#### YOUR TASK
Your task is to repeat all of the data exactly while excluding the pictures.

#### COLLECTED DATA
+ + + + + + +

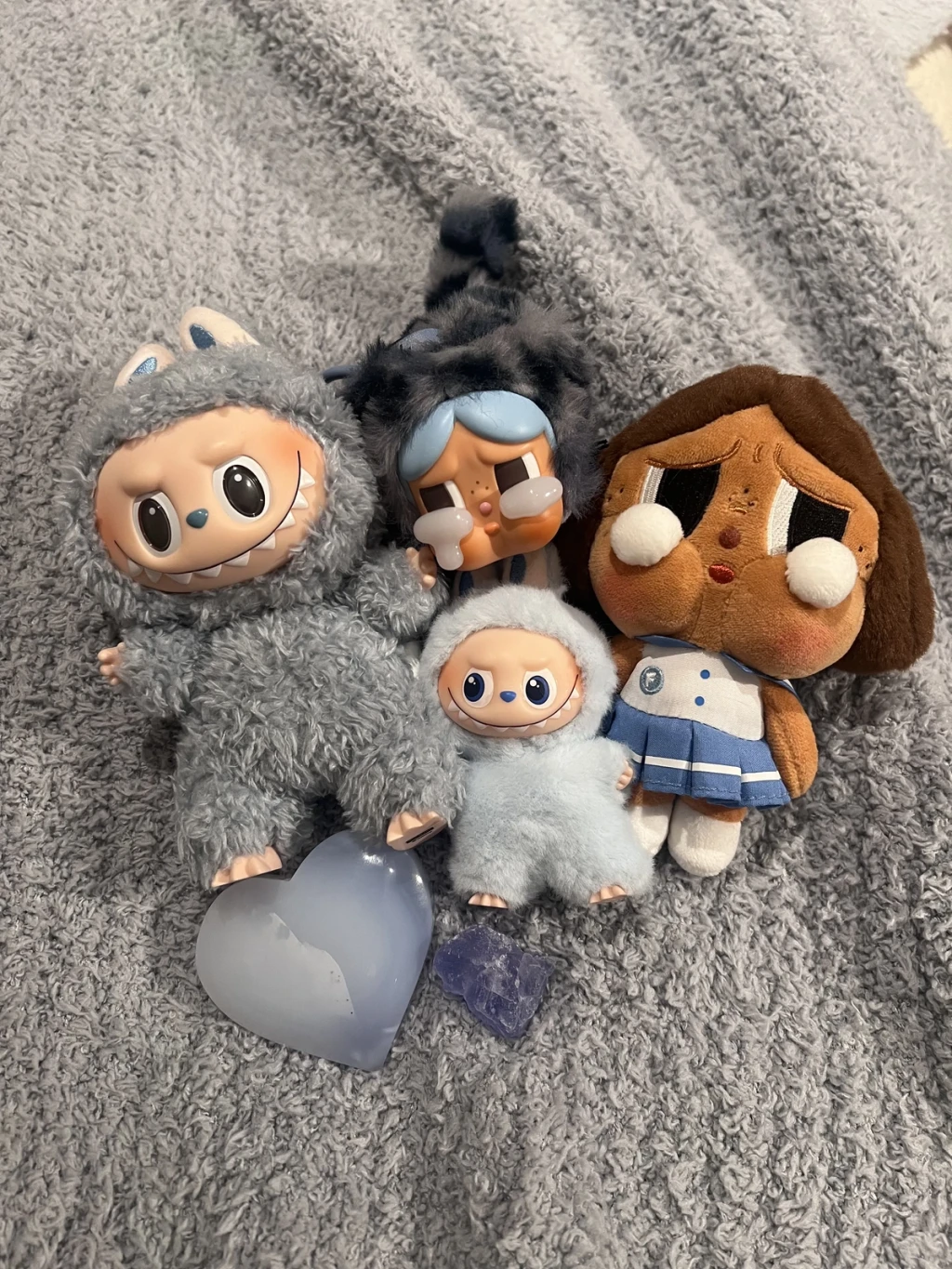 "My set of macarons was the chunkiest and cutest ever. Sea salt coconut fits well with a lot of my collection."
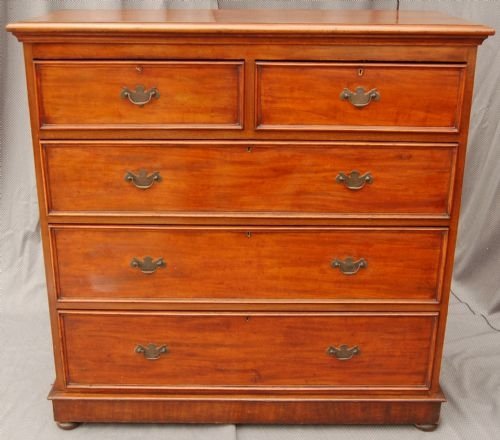 Enlarge 

 Chest of Drawers Large Antique Victorian C1860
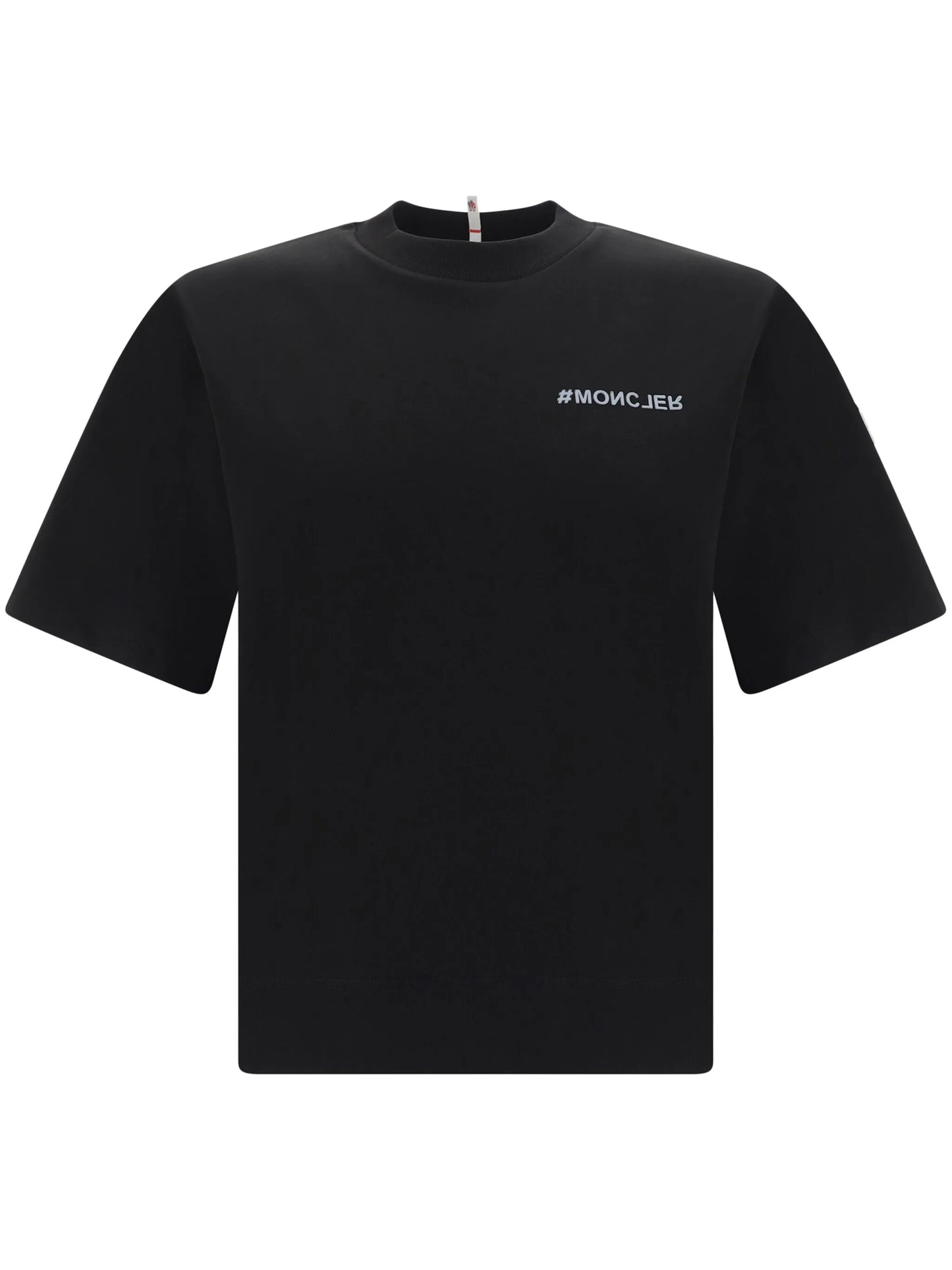 logo-print T-shirt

+ + + + + + +

#### WRITTEN REPLY
 "My set of macarons was the chunkiest and cutest ever. Sea salt coconut fits well with a lot of my collection."
 Enlarge 

 Chest of Drawers Large Antique Victorian C1860
 logo-print T-shirt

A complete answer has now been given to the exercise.